# Work instructions
Could you please reproduce the entries exactly, leaving out any pictures?
Available data: Begin
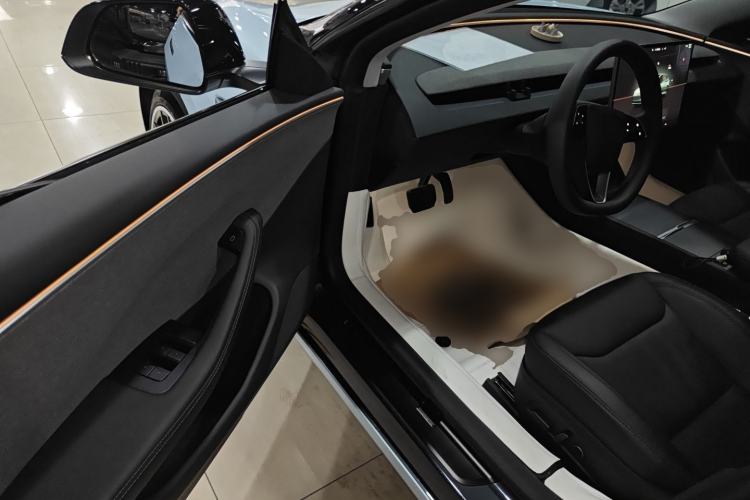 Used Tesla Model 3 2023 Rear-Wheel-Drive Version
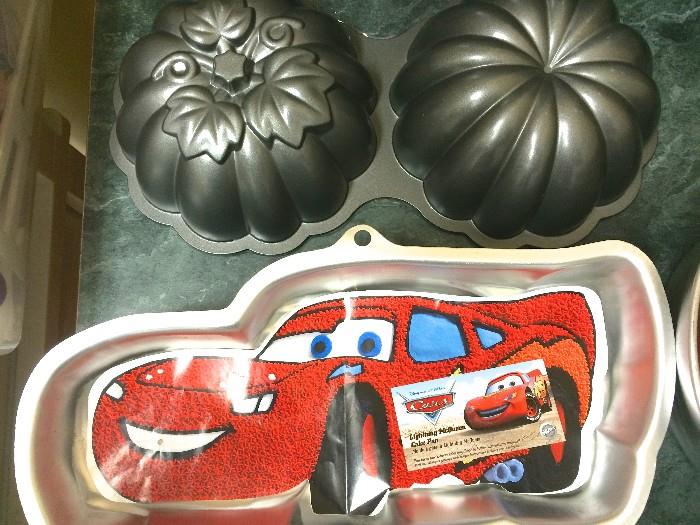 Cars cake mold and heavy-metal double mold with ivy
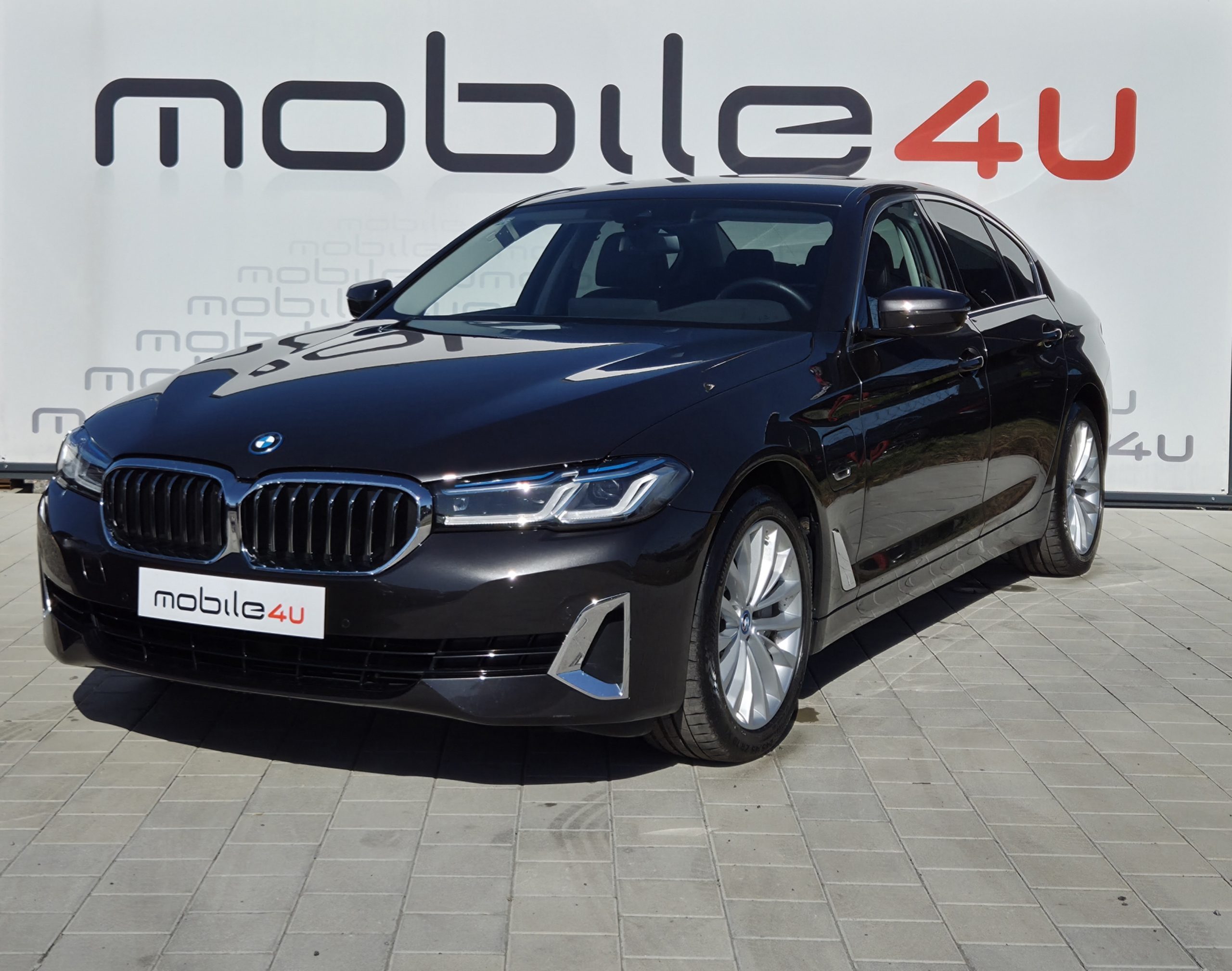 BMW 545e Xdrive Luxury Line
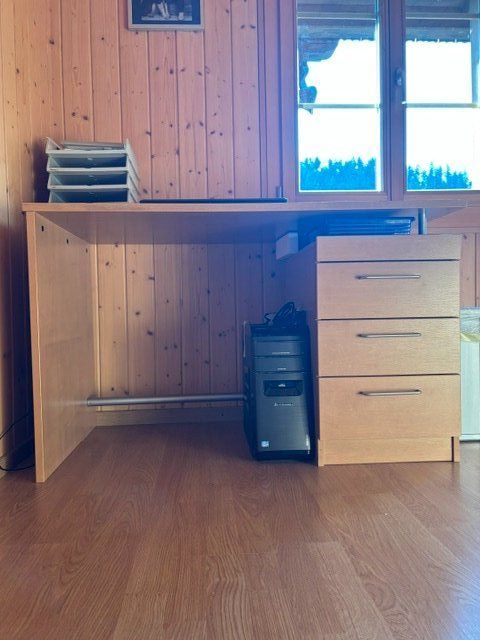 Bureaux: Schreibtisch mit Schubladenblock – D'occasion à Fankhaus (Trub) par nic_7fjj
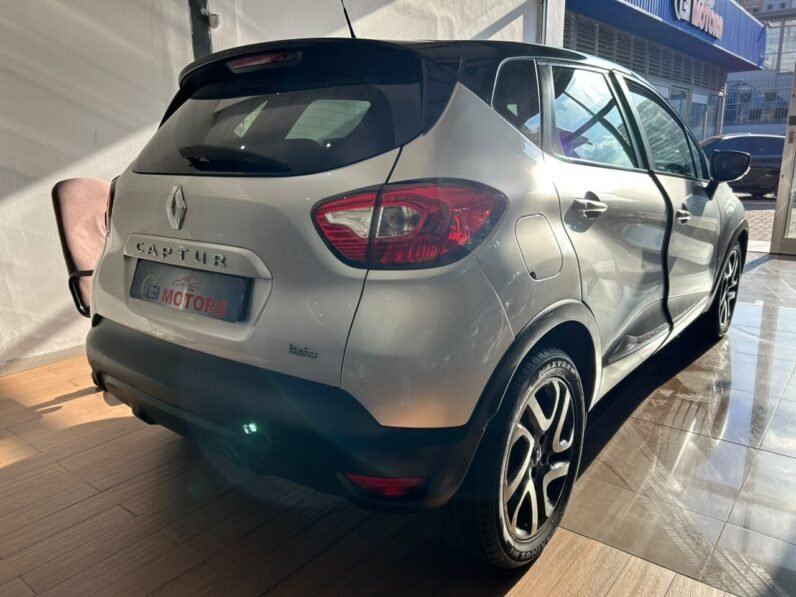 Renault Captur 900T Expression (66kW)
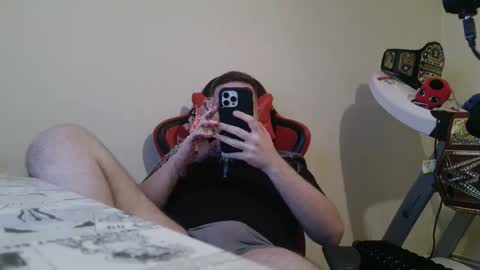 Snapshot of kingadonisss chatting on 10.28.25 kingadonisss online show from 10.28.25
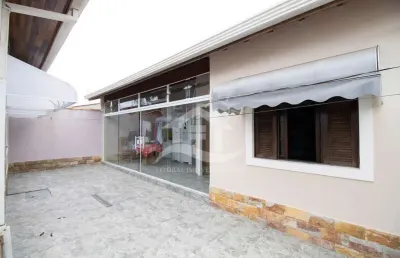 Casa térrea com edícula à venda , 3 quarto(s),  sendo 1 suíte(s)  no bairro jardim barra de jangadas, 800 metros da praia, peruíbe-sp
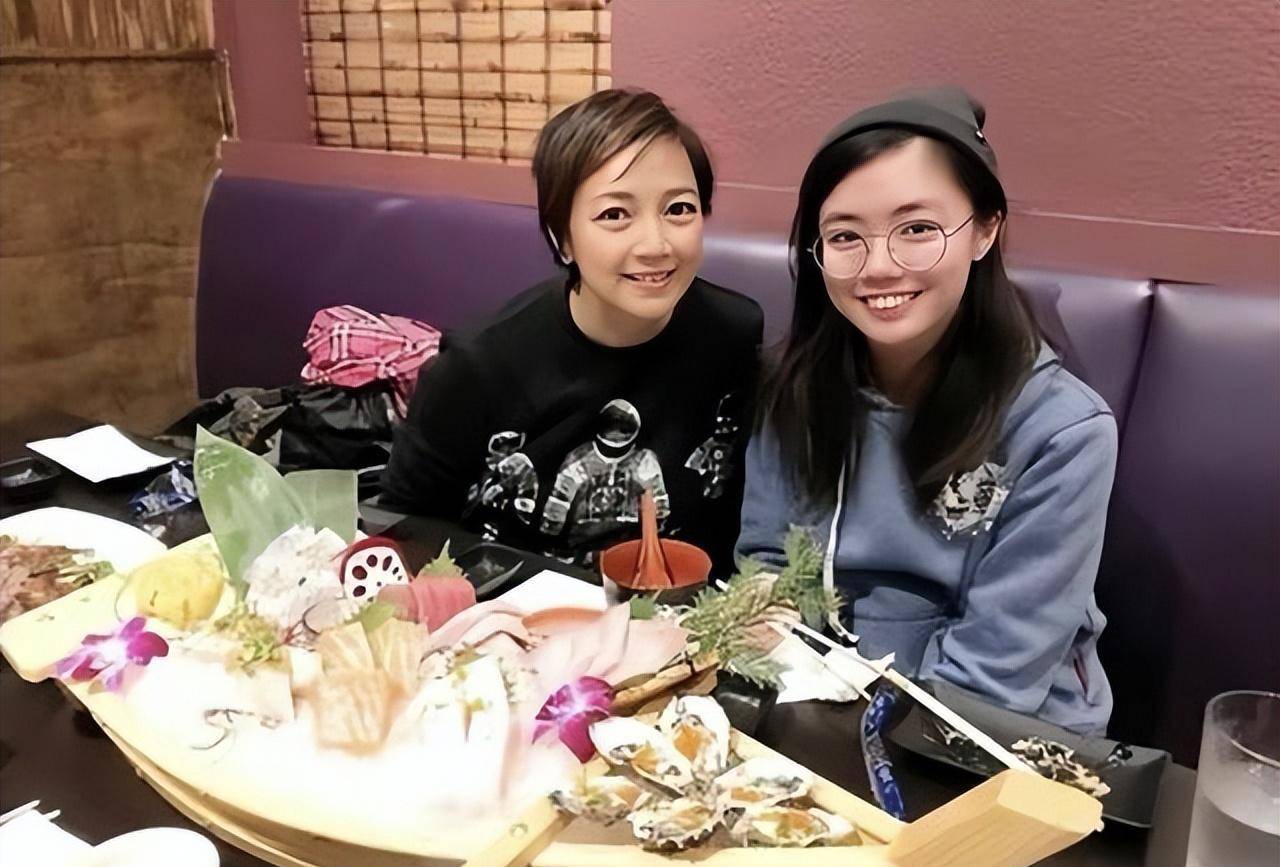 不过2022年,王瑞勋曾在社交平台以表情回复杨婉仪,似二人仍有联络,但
Available data: End
# Written reply
 Used Tesla Model 3 2023 Rear-Wheel-Drive Version
 Cars cake mold and heavy-metal double mold with ivy
 BMW 545e Xdrive Luxury Line
 Bureaux: Schreibtisch mit Schubladenblock – D'occasion à Fankhaus (Trub) par nic_7fjj
 Renault Captur 900T Expression (66kW)
 Snapshot of kingadonisss chatting on 10.28.25 kingadonisss online show from 10.28.25
 Casa térrea com edícula à venda , 3 quarto(s),  sendo 1 suíte(s)  no bairro jardim barra de jangadas, 800 metros da praia, peruíbe-sp
 不过2022年,王瑞勋曾在社交平台以表情回复杨婉仪,似二人仍有联络,但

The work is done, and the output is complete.